▸ Exercise brief: Transcribe the complete listing exactly.

-=-=-

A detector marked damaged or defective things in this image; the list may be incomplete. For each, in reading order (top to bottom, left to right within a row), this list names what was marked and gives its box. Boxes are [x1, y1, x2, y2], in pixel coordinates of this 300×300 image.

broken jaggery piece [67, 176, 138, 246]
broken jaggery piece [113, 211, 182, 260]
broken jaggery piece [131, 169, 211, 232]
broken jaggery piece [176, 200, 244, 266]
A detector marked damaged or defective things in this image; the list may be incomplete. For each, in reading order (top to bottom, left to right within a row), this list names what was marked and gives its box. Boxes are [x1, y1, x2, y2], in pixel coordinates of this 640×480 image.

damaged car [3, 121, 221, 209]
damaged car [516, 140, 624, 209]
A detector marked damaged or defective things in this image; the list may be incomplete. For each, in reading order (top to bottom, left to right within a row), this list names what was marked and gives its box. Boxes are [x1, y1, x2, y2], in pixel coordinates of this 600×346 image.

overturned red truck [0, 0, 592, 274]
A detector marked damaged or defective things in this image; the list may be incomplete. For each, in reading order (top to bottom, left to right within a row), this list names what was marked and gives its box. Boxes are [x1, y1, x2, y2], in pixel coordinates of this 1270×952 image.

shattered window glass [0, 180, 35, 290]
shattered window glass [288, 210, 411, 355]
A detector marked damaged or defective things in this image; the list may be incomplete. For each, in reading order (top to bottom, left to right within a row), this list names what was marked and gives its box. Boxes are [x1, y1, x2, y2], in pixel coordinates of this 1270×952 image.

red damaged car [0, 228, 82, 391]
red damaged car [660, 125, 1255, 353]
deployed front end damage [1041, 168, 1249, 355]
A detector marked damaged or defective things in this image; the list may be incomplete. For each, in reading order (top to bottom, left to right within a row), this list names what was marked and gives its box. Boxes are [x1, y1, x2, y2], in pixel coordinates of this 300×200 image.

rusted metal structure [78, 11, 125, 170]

-=-=-

▸ Response:
A detector marked damaged or defective things in this image; the list may be incomplete. For each, in reading order (top to bottom, left to right within a row), this list names what was marked and gives its box. Boxes are [x1, y1, x2, y2], in pixel coordinates of this 300×300 image.

broken jaggery piece [67, 176, 138, 246]
broken jaggery piece [113, 211, 182, 260]
broken jaggery piece [131, 169, 211, 232]
broken jaggery piece [176, 200, 244, 266]
A detector marked damaged or defective things in this image; the list may be incomplete. For each, in reading order (top to bottom, left to right within a row), this list names what was marked and gives its box. Boxes are [x1, y1, x2, y2], in pixel coordinates of this 640×480 image.

damaged car [3, 121, 221, 209]
damaged car [516, 140, 624, 209]
A detector marked damaged or defective things in this image; the list may be incomplete. For each, in reading order (top to bottom, left to right within a row), this list names what was marked and gives its box. Boxes are [x1, y1, x2, y2], in pixel coordinates of this 600×346 image.

overturned red truck [0, 0, 592, 274]
A detector marked damaged or defective things in this image; the list may be incomplete. For each, in reading order (top to bottom, left to right within a row), this list names what was marked and gives its box. Boxes are [x1, y1, x2, y2], in pixel coordinates of this 1270×952 image.

shattered window glass [0, 180, 35, 290]
shattered window glass [288, 210, 411, 355]
A detector marked damaged or defective things in this image; the list may be incomplete. For each, in reading order (top to bottom, left to right within a row), this list names what was marked and gives its box. Boxes are [x1, y1, x2, y2], in pixel coordinates of this 1270×952 image.

red damaged car [0, 228, 82, 391]
red damaged car [660, 125, 1255, 353]
deployed front end damage [1041, 168, 1249, 355]
A detector marked damaged or defective things in this image; the list may be incomplete. For each, in reading order (top to bottom, left to right within a row), this list names what was marked and gives its box. Boxes are [x1, y1, x2, y2], in pixel coordinates of this 300×200 image.

rusted metal structure [78, 11, 125, 170]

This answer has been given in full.